Collection entries
"""

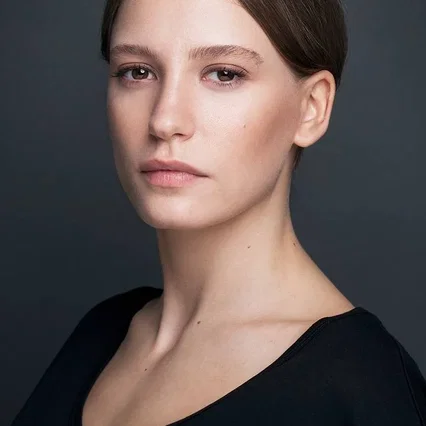  Serenay Sarıkaya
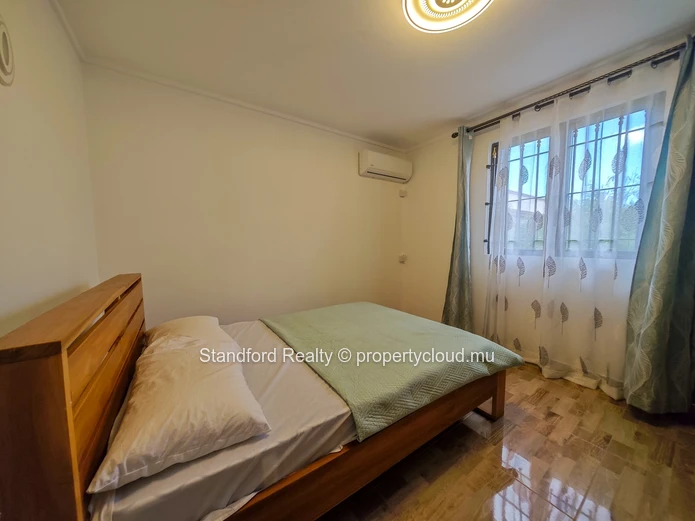 Modern First-Floor Apartment with Open-Plan Kitchen & Private Entrance – Mont Choisy
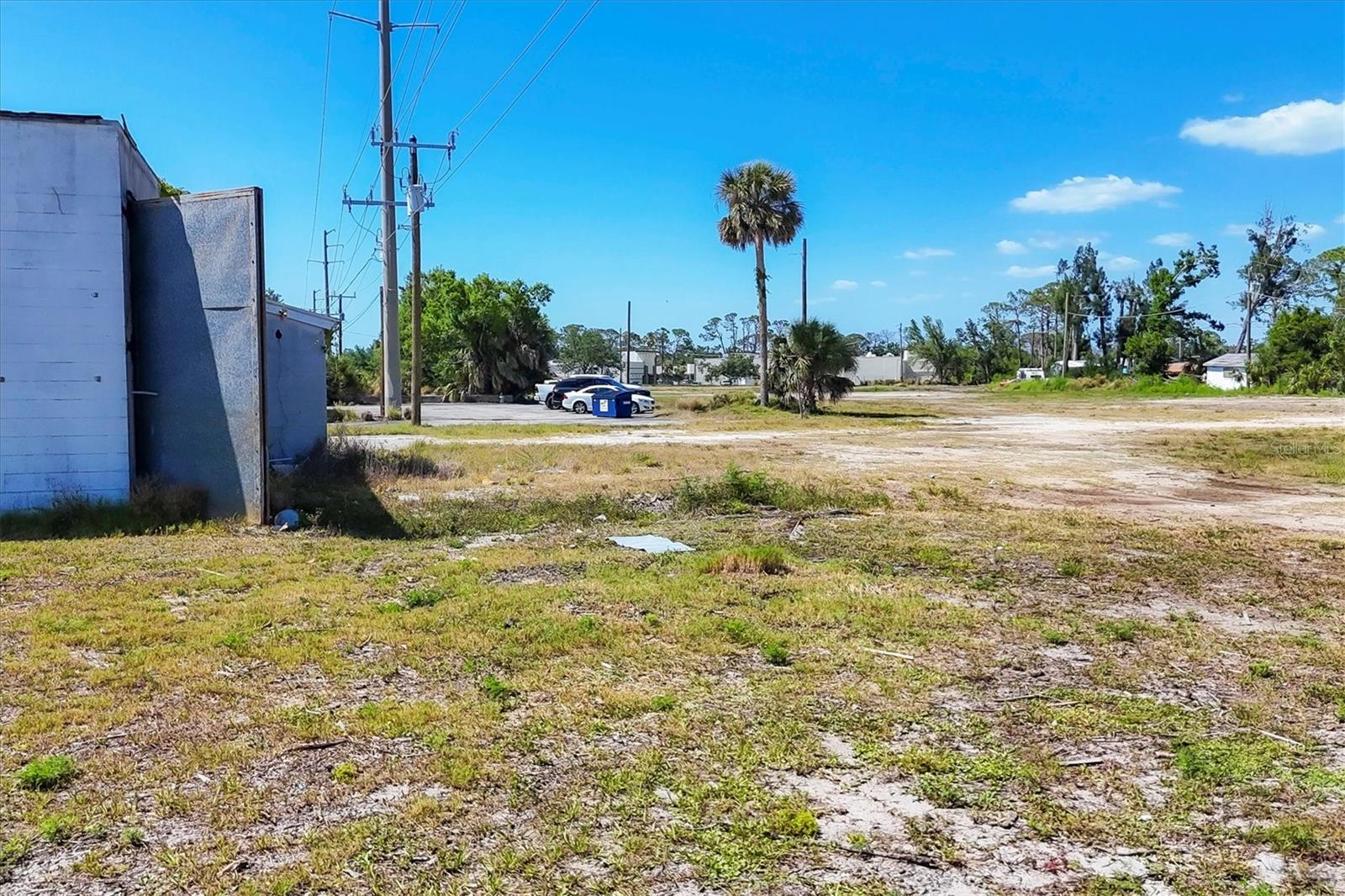 2225 S TAMIAMI TR S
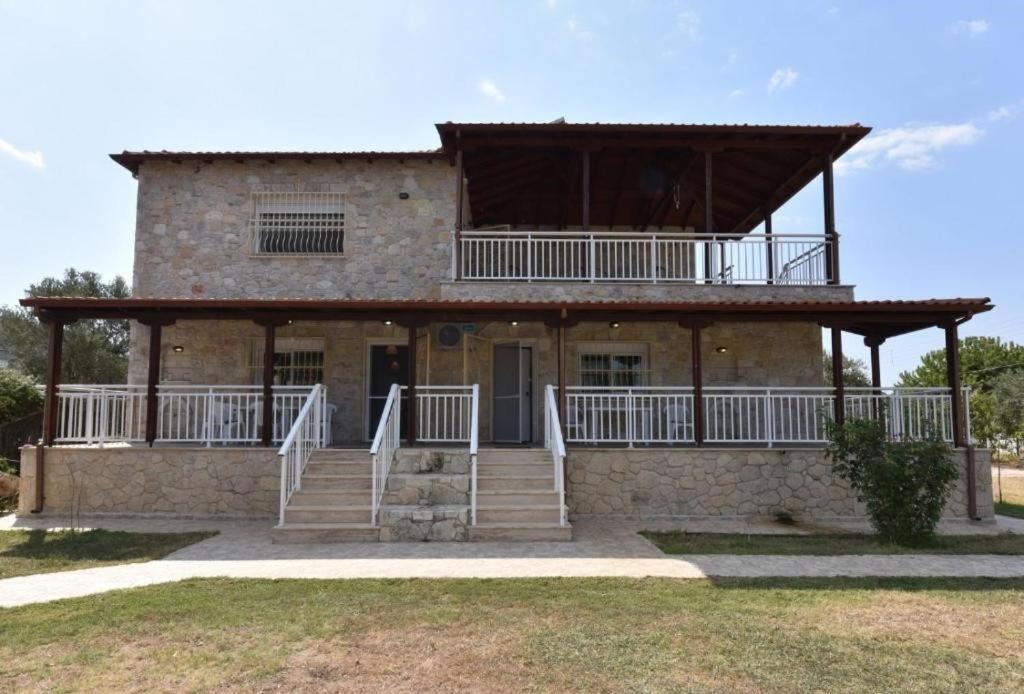 Apartments In A Villa By The Beautiful Sea Bay Nea Poteidaia Buitenkant foto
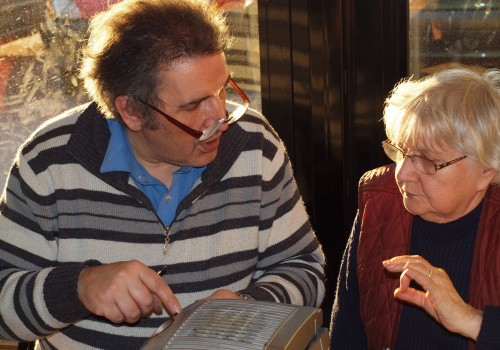 Un Repair Caf&eacute; au Luth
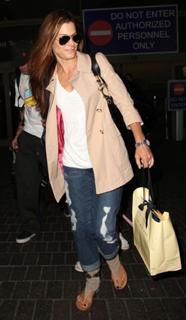 Sandra Bullock feet photo thumbnail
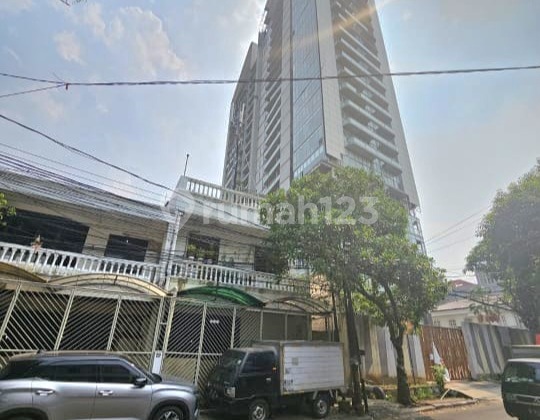 Rumah Hitung Tanah di Jalan Utama Kasablanka Menteng Dalam Tebet Jak Sel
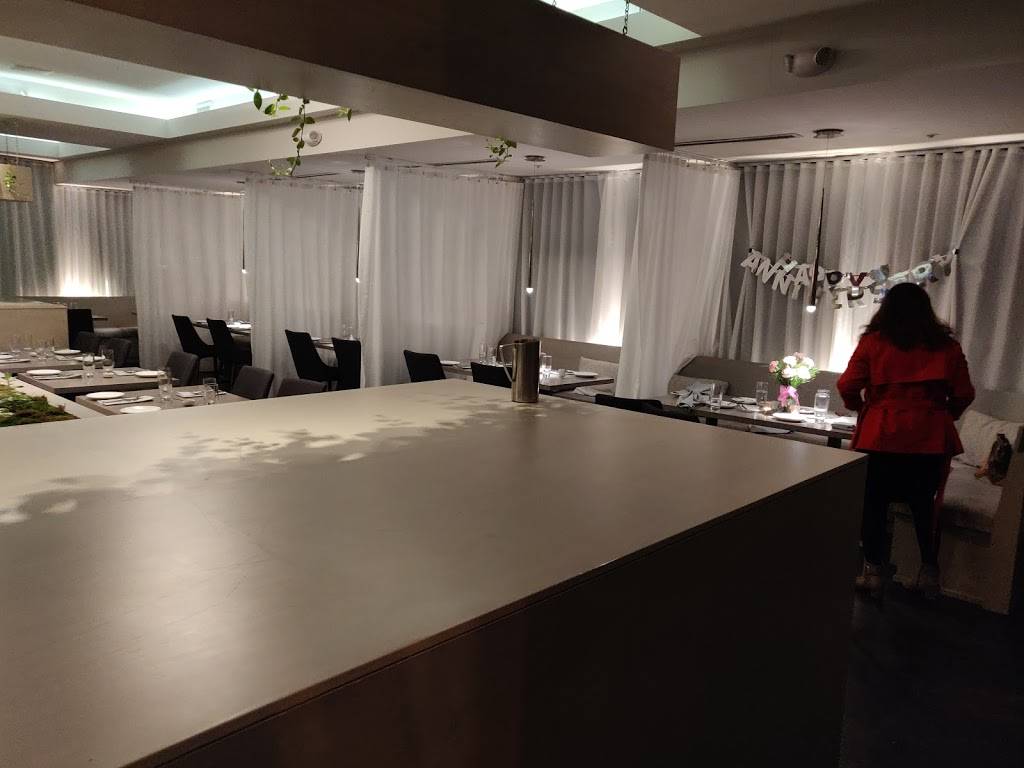 Dessous | restaurant | 312 S Main St, Ann Arbor, MI 48104, USA | 7342220202 OR +1 734-222-0202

"""

TASK REQUIREMENTS:
Your answer must be the lines from the one containing "Rumah Hitung Tanah" through the last line of the records, both included, written out exactly and without pictures.

OUTPUT FOR THIS EXERCISE:
 Rumah Hitung Tanah di Jalan Utama Kasablanka Menteng Dalam Tebet Jak Sel
 Dessous | restaurant | 312 S Main St, Ann Arbor, MI 48104, USA | 7342220202 OR +1 734-222-0202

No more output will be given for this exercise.